‘Captain Phillips’ step in the right direction
Published: Monday, October 21, 2013
Updated: Monday, October 21, 2013 00:10
“Captain Phillips” is a gripping true story that rises above other thrillers due to the humanity and moral complexity of its characters.
The movie is based on the 2009 hijacking of the merchant vessel Maersk Alabama by four Somali pirates.
The ship’s captain, Richard Phillips, was taken hostage which prompted the U.S. Navy to initiate a rescue operation.
The part of Phillips is played to magnificent effect by the one and only Tom Hanks, who reminds us again why he is one of Hollywood’s greatest treasures.
The role is quite demanding, both physically and emotionally, and Hanks matches the varying character pitches perfectly. He effectively exudes confidence while also keeping a twinkle of terror and vulnerability in his eye. His powerful performance in the film’s heartbreaking final moments brought me to tears.
Though Hanks is the protagonist, I’d argue that the real star of the film is newcomer Barkhad Abdi, who plays Muse, the leader of the Somali pirates. His menacing demeanor disguises a wounded soul who’s only there as a victim of circumstances beyond his control. Muse is not motivated by greed, but by survival.
He’s much like Phillips in this way. They’re both just trying to do the job they have to do to get by.
Their shared humanity gives them an uneasy, unspoken alliance.
Each may be standing in the other’s way but there’s a mutual sense of respect and sympathy. The two understand that their collision course simply could not be averted.
The film dares to make us feel compassion for the antagonists where other films typically do not. They’re more than just cardboard cutouts to take pot shots at, we become attached to them. These are real people with real lives.
When the Navy finally comes in and begs for a peaceful resolution, you pray they can find one, even if in your gut you know it doesn’t exist.
In a routine Hollywood production, the end of this film would be a triumph; a celebration of the efficiency of the American military and American resolve.

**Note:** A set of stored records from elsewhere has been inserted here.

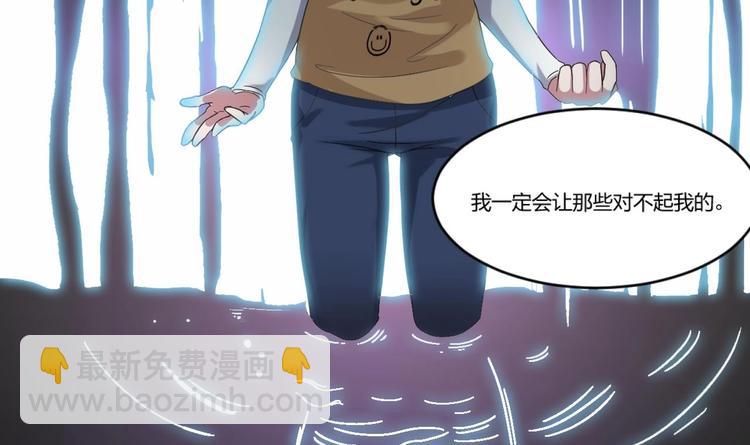 🍗逆袭天后系统 第5话 我一定会让他们付出代价 第25页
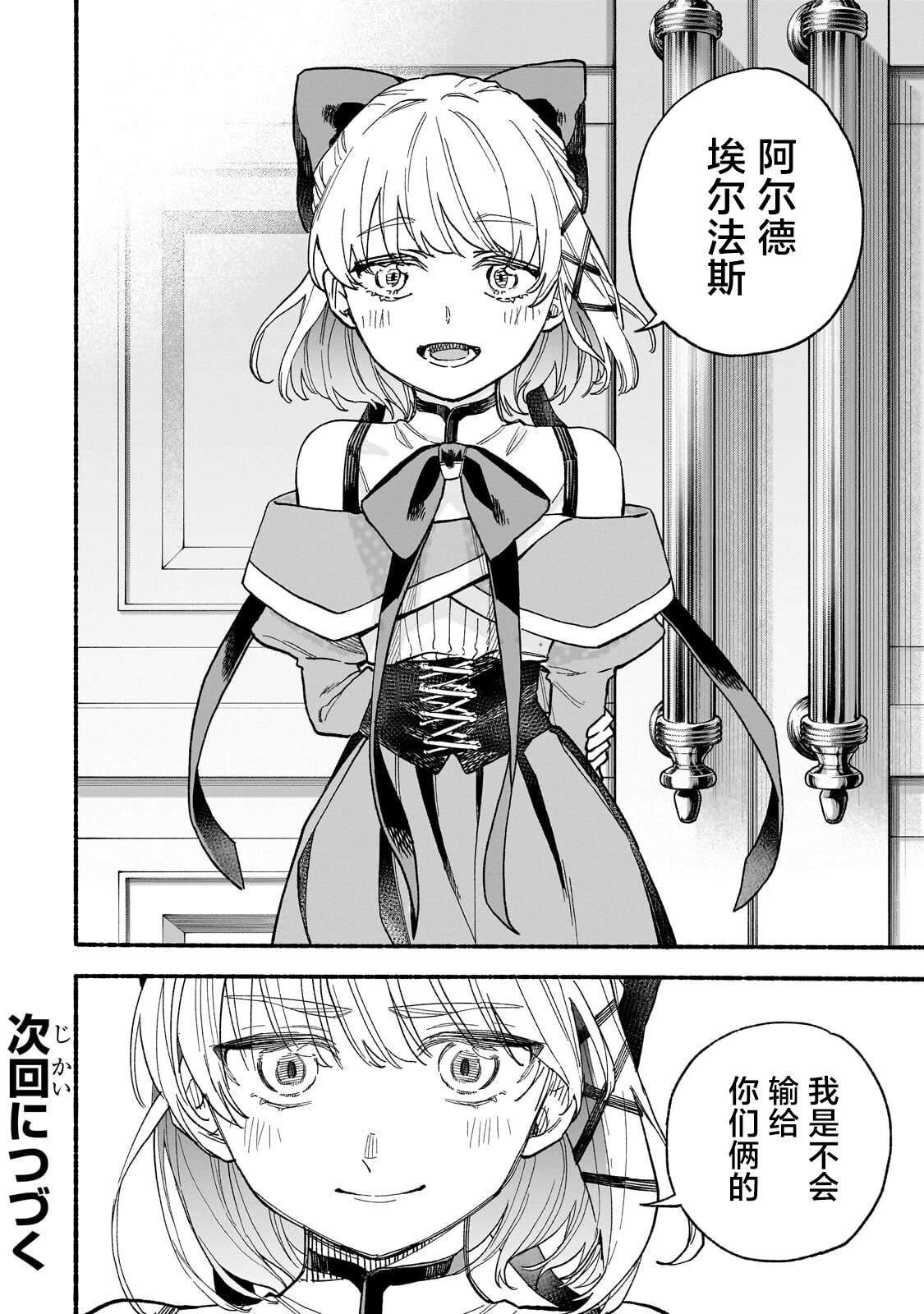 阿尔德的异世界转生 第6话 第34页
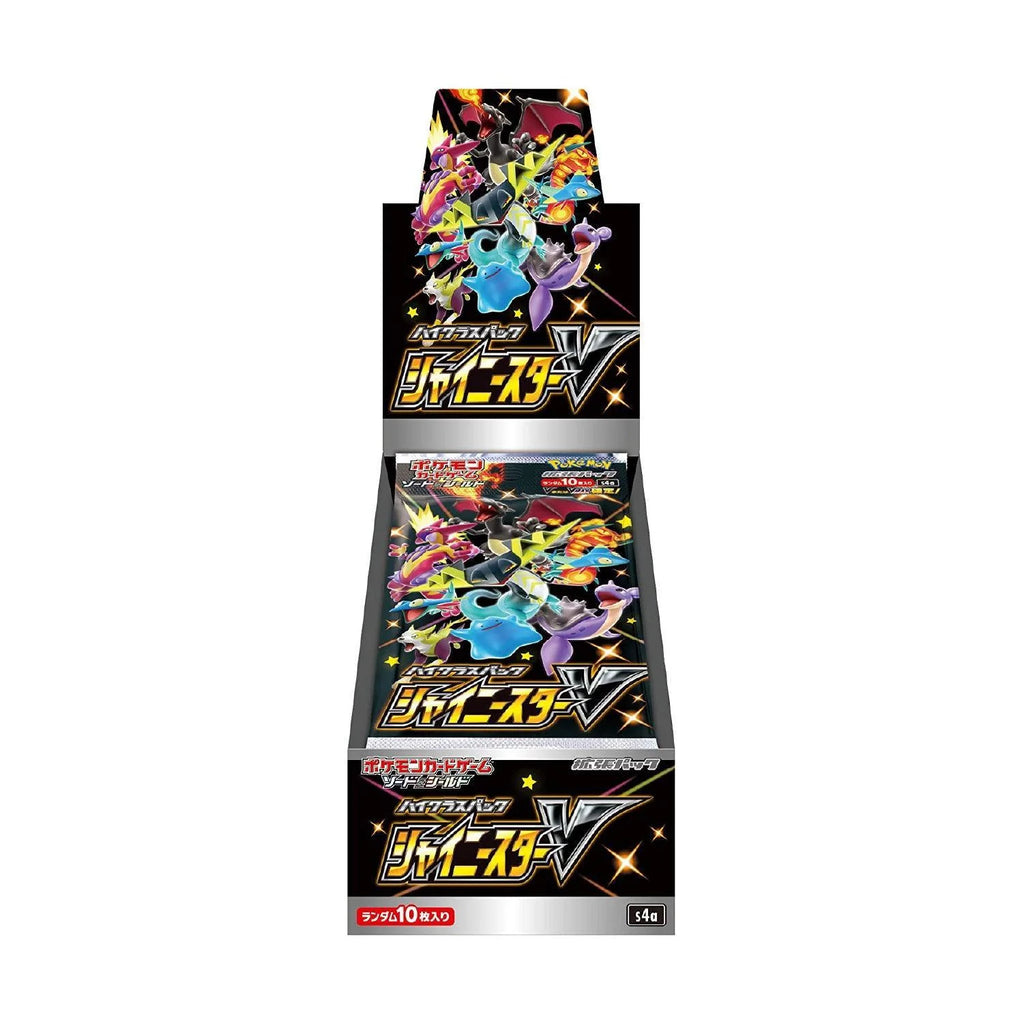 Display 10 booster Pokémon Shiny Star V S4a
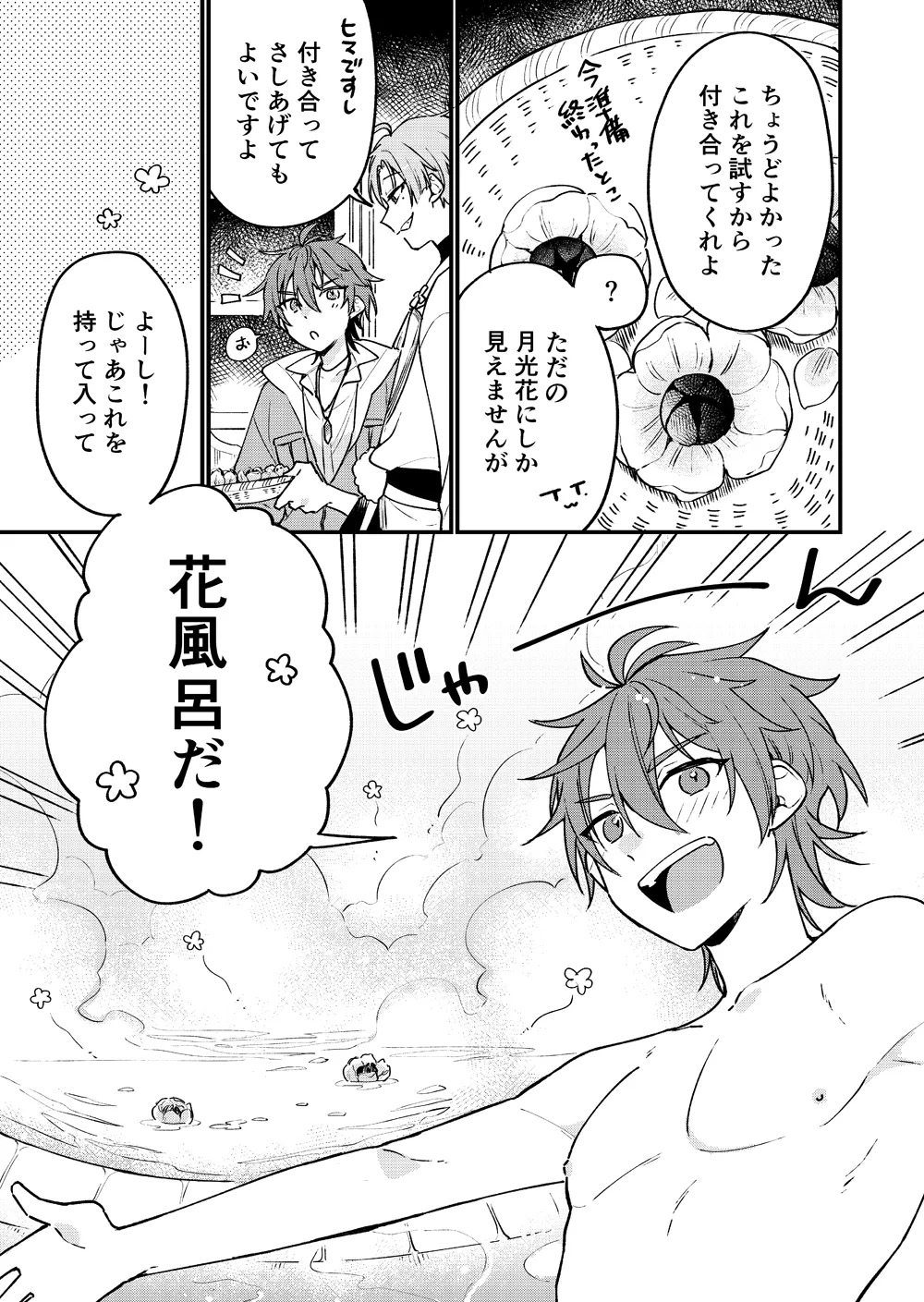 Hanafuro page 3 full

In “Captain Phillips” it’s a tragedy; the unintended consequences of a global economy. There are no heroes or villains here, only victims.
Coming from Paul Greengrass, who directed “United 93” and the last two-thirds of the Bourne trilogy, it’s no surprise that the film features an almost overwhelming attention to detail.
In the beginning, the dedication to procedure and authenticity is a little off-putting; giving the film a sluggish pace, but his documentary-like approach is ultimately what grabs us and throws us into a seat on the ship with the captured crew.
This subtle way of building anticipation ensures that everyone who sees the film will be digging their nails into the nearest armrest, leg, wrist or helpless pet they can find.
Film is a monumentally powerful medium, and it’s always encouraging to see people like Greengrass — along with screenwriter Billy Ray — leverage their art for understanding.
“Captain Phillips” is the kind of movie that helps us to fathom the human condition, and see the world in a way that’s just not as visible without the aid of film.
If we as humans have to share a planet with one another, we should at least strive for perspective so that we can coexist as peacefully as possible.
I’m not sure if “Captain Phillips” will do anything to advance the human race in such a profound way, but it’s commendable that it even tries.
It does, however, have the potential to at least start a few conversations and that’s a step in the right direction.
“Captain Phillips” is a terrific film because it uses its entertainment value as a thriller to force the viewer to ask questions about the characters and themselves, and to reexamine how one feels about difficult topics like terrorism, globalization and — the greatest mystery of all — our fellow man.
It will hold you captive and won’t release you anytime soon.